REQUESTED BY: Dear Senator Landis:
We are in receipt of your letter in which you request an opinion as to the constitutionality of Neb.Rev.Stat. 1-160 (Reissue 1977), and you indicate a desire to recommend its repeal if it is indeed constitutionally infirm. That statute provides:
"No person, partnership, or corporation, not holding a live permit issued under the provisions of section 1-136, shall hold himself or itself out to the public as an accountant or auditor by use of either or both of such words on any sign, card, letterhead, or in any advertisement or directory, without indicating thereon or therein that such person, partnership, or corporation does not hold such a permit; Provided, that this section shall not prohibit any officer, employee, partner, or principal of any organization from describing himself by the position, title, or office he holds in such organization nor any act of any public official or public employee in the performance of his duties as such."
You inform us that the Board of Accountancy has threatened action against two (2) Lincoln businessmen because they are admittedly holding themselves out to be `Accountants' by way of several means of advertisement when in fact they do not hold a permit pursuant to Neb.Rev.Stat. § 1-136 (Reissue 1977). In your letter you indicate that these gentlemen provide `general accounting services to their clients.' Your letter further sets forth substantial information regarding the constitutionality of statutes from other states, which statutes have attempted to regulate the use of the terms `Accountant or Auditor.' We have carefully reviewed your letter and the information provided and would submit the following comments and opinion on this matter.
We first wish to emphasize that the statute does not per se prohibit the use of the terms `Accountant or Auditor' by nonlicensed individuals but instead requires that any person who is not so licensed must affirmatively disclose that fact. This manner of regulation chosen by the Legislature is of critical importance to our determination as will be noted below.
The use of the terms `Accountant or Auditor' by persons engaged in that general area of business would most certainly appear to be that type of commercial speech which has been given First Amendment protection. Bates v. State Barof Arizona, 433 U.S. 350 (1977), and Virginia PharmacyBoard v. Virginia Citizens Consumer Council, 425 U.S. 748 (1976). Such holdings have not been without some restraint, and in fact the court emphasized in Virginia Pharmacy, that restrictions on commercial free speech are permissible provided that `They are justified without reference to the content of the regulated speech, that they serve a significant governmental interest, and that in so doing they leave open ample alternative channels for communication of the information.'Virginia Pharmacy, 425 U.S. at 771.

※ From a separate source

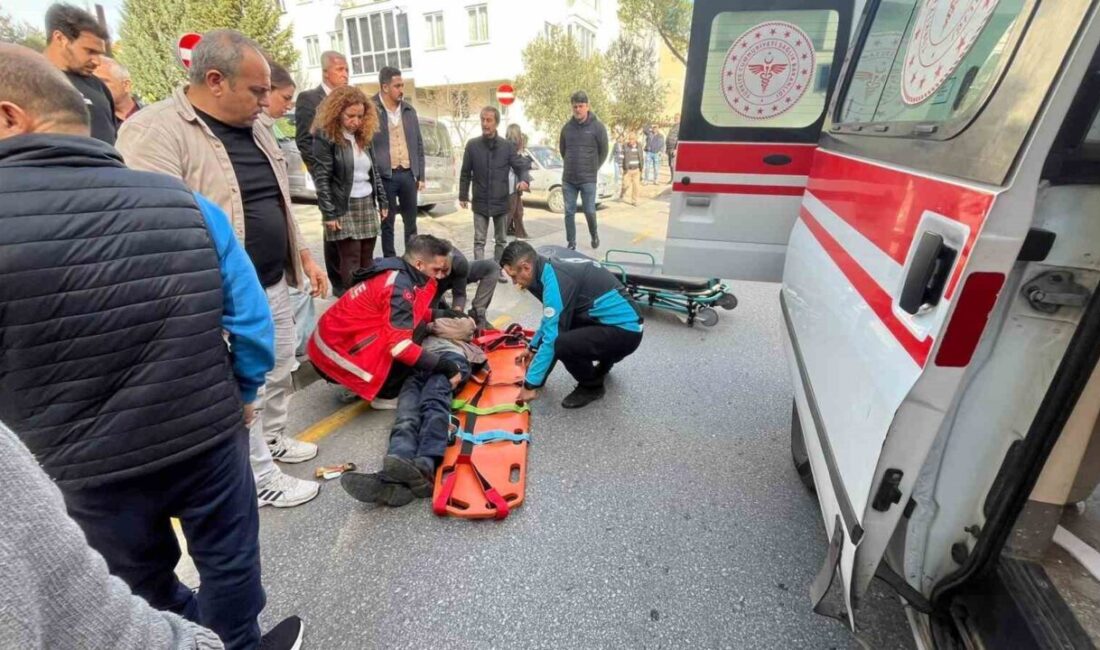 Menteşe ilçesinde meydana gelen trafik kazasında bir otomobilin çarpması sonucu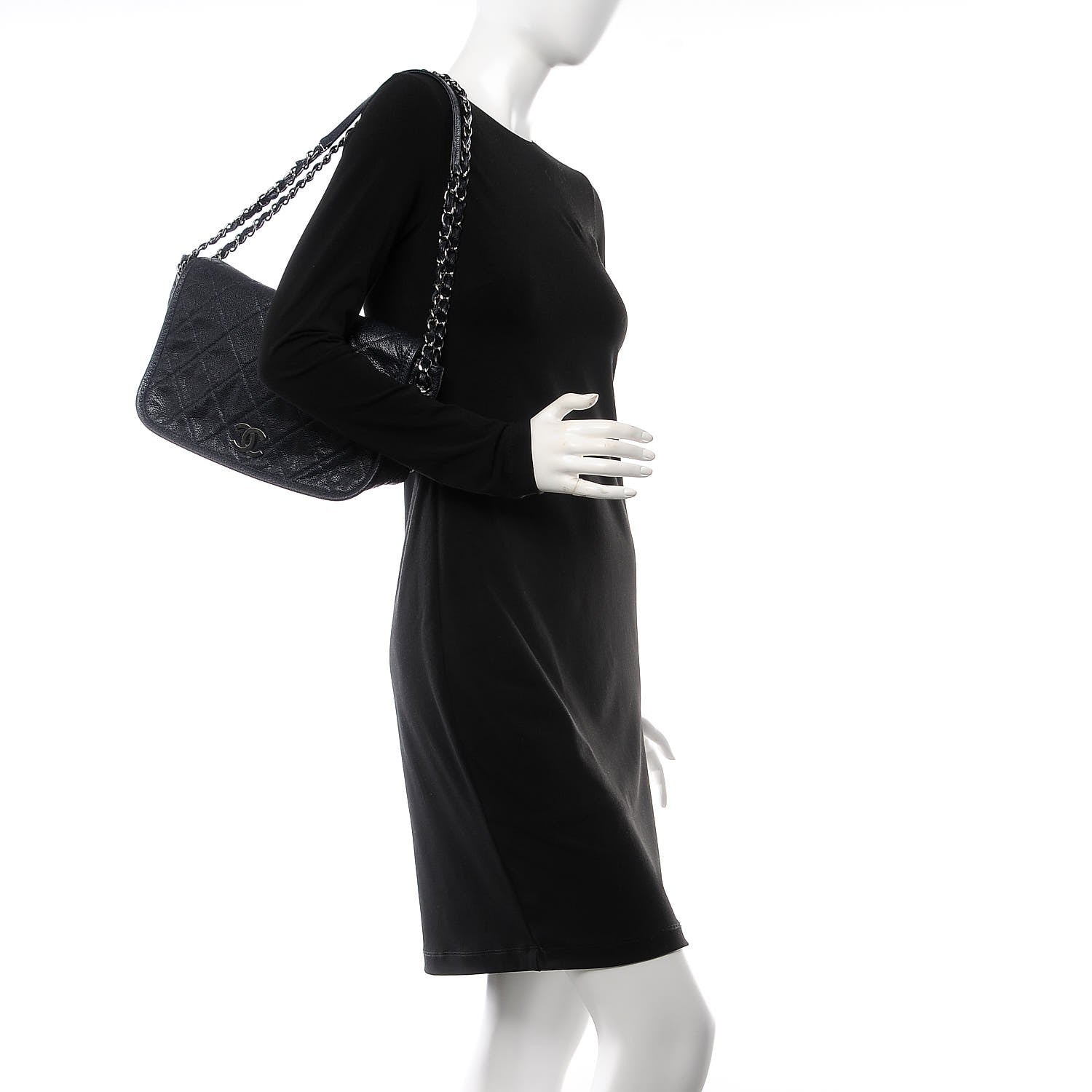 Chanel Grained Calfskin Medium Natural Beauty Messenger Navy Blue 2 of 7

Most recently the Maryland Court of Appeals has had the opportunity to test the constitutional firmness of a statute which appears at first glance to be similar to Neb.Rev.Stat. § 1-160 (Reissue 1977). In Comprehensive etc. v. MarylandState Board, 397 A.2d 1019, the Maryland Court held that the State had a right to regulate the practice of public accountancy and in so doing could restrict the use of the words `Certified Public Accountant,' `Public Accountant,' or abbreviation `CPA' to those certified or registered by the State. However, that Court further held that `To prevent the possibility of public confusion and deception, the Legislature cannot consistent with the First Amendment choose the most drastic remedy the complete suppression of the use of certain words to describe the lawful activity of noncertified accountants.' Id. at 1027. It therefore held the statute unconstitutional as violating the First Amendment.
Unlike the regulatory approach taken by the State of Maryland in Comprehensive etc. v. Maryland State Board,supra, the Unicameral has chosen to not totally ban the use of the terms `Accountant and Auditor' by those not so licensed but instead has required that unlicensed persons using those terms make an affirmative disclosure that they do not hold a permit pursuant to Neb.Rev.Stat. § 1-136 (Reissue 1977).

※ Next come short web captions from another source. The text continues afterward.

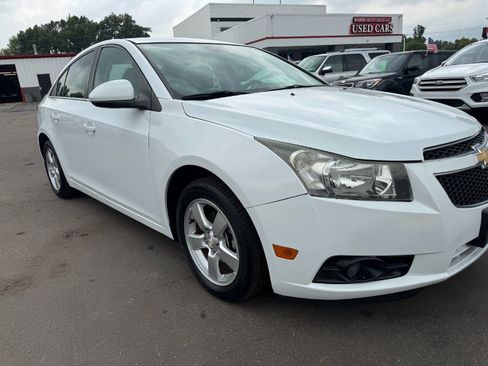 Used 2016 Chevrolet Cruze LT FWD image 12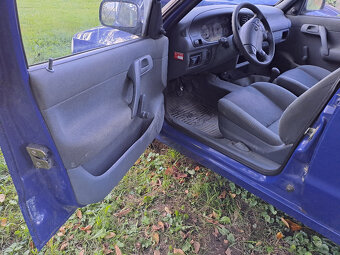 Prodám Škoda felicie rok 1998, 1.3 MPI na náhradní díly - 6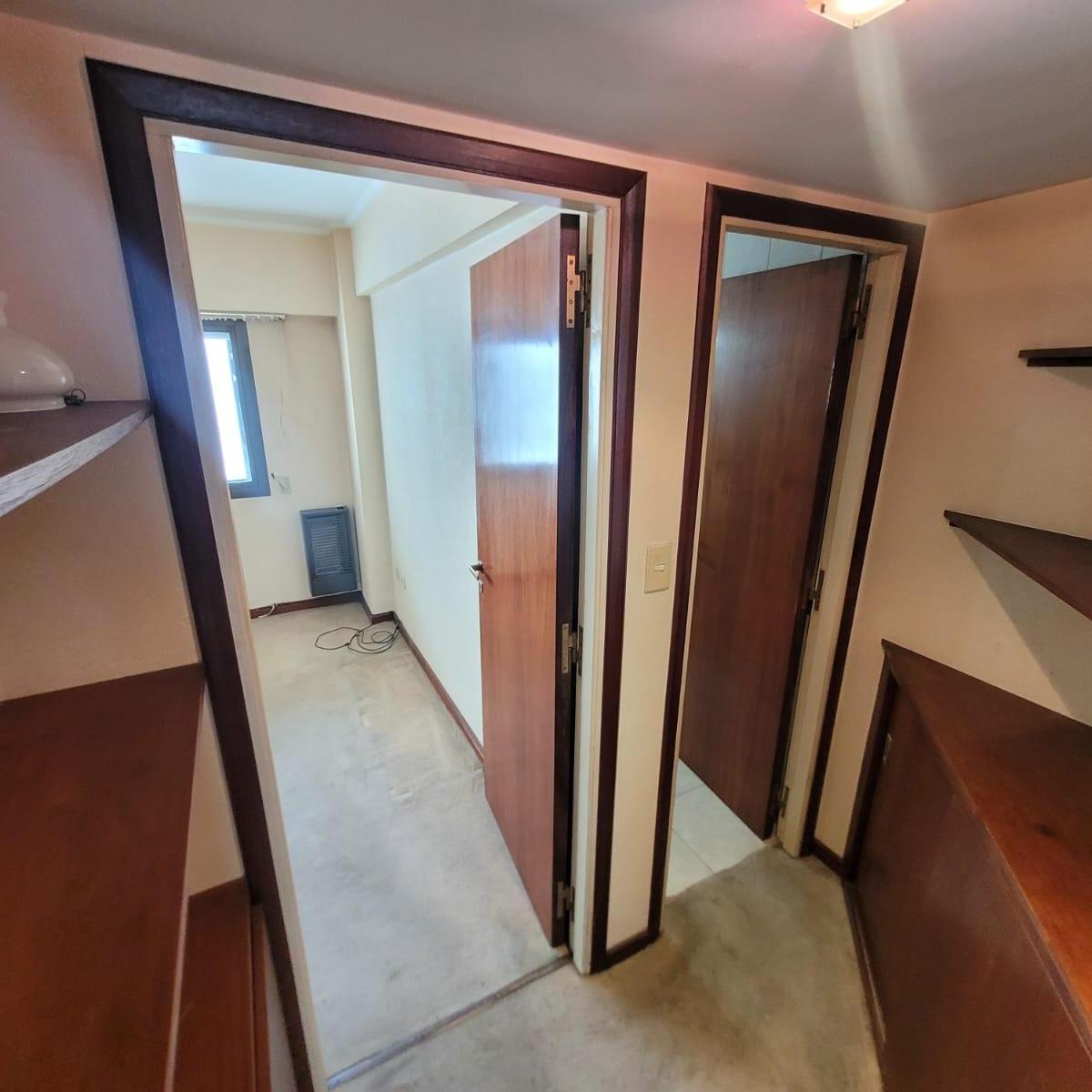 2 Ambientes a La Calle con Balcon Saliente/pmitre 4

We believe that it could be effectively argued that the unrestricted use of the titles `Accountant' or `Auditor' by an unlicensed person could in fact cause confusion which would be detrimental to the public and therefore the State regulation of those terms is rationally related to a legitimate state interest. Since the `speech' at issue here is `commercial' it is subject to `reasonable regulation that serves a legitimate public interest.' Bigelow v. Virginia,421 U.S. 809 at 825-26.
It is our opinion that should Neb.Rev.Stat. § 1-160 (Reissue 1977) be challenged on Fourteenth Amendment due process grounds or First Amendment free speech grounds, it would probably be found to be constitutional.